Problem statement:
Everything in the listing below should be written out again exactly, except the pictures.

Supplied material:
______________________________

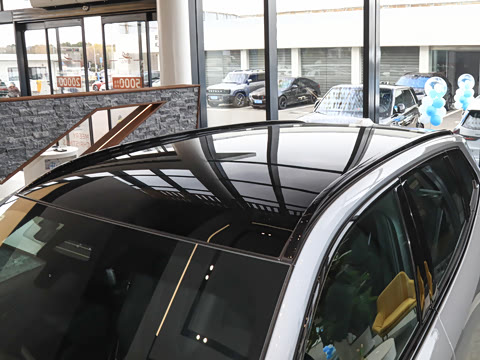 2025�� M50 xDrive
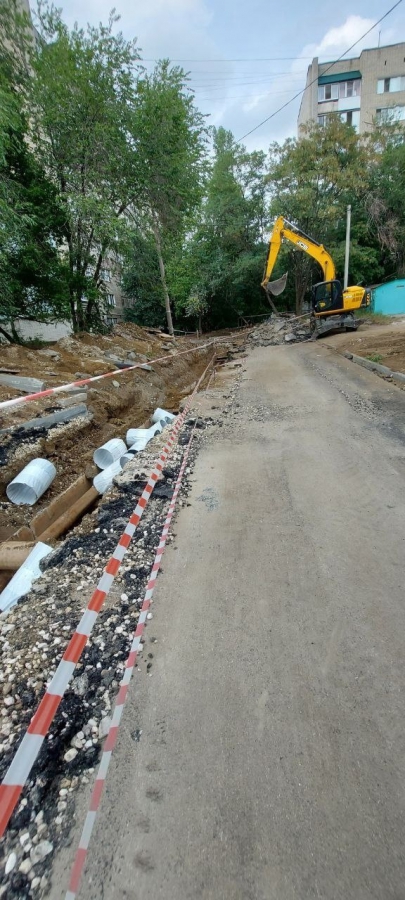 После ремонта во дворе на Артиллерийской коммунальщики разворотили новый асфальт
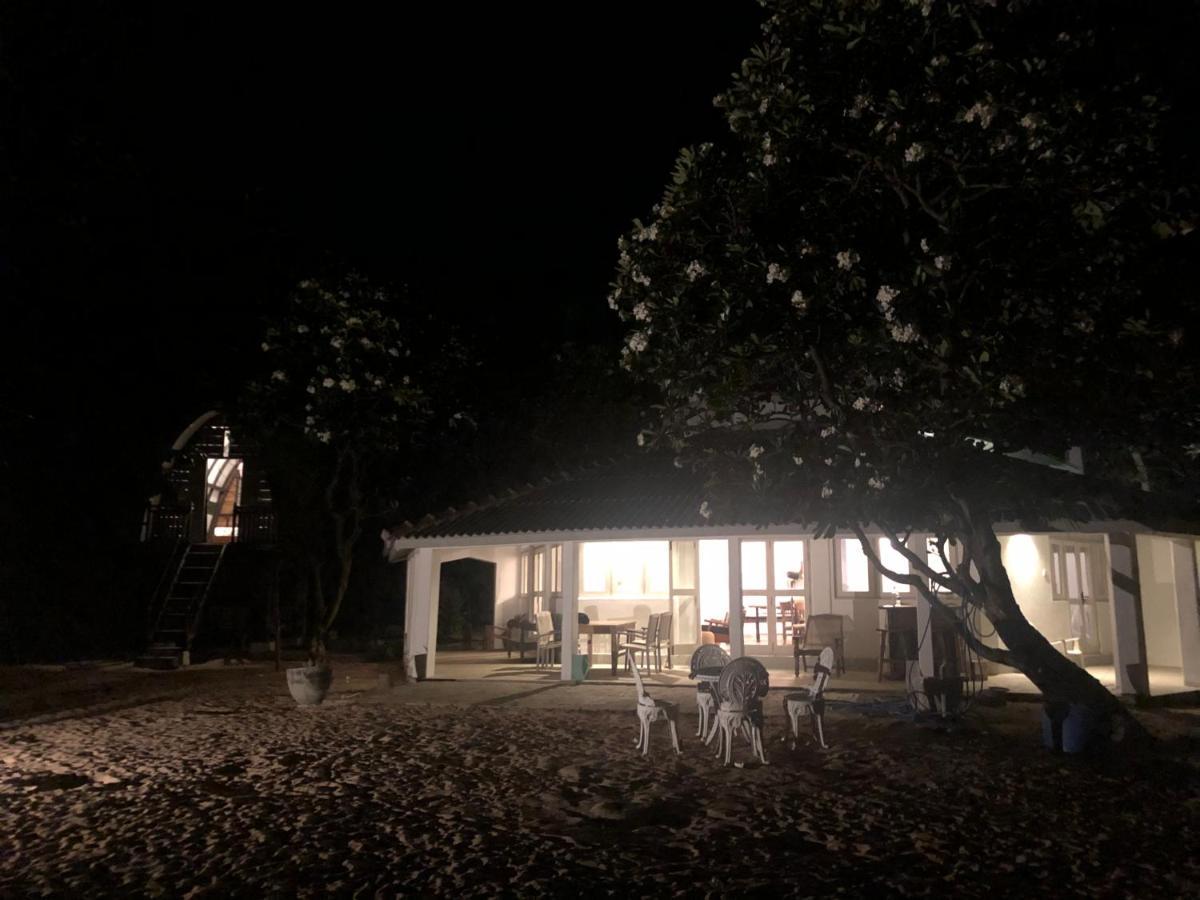 Moon Isle Beach Bungalow Nilaveli Exterior photo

______________________________

Response area:
 2025�� M50 xDrive
 После ремонта во дворе на Артиллерийской коммунальщики разворотили новый асфальт
 Moon Isle Beach Bungalow Nilaveli Exterior photo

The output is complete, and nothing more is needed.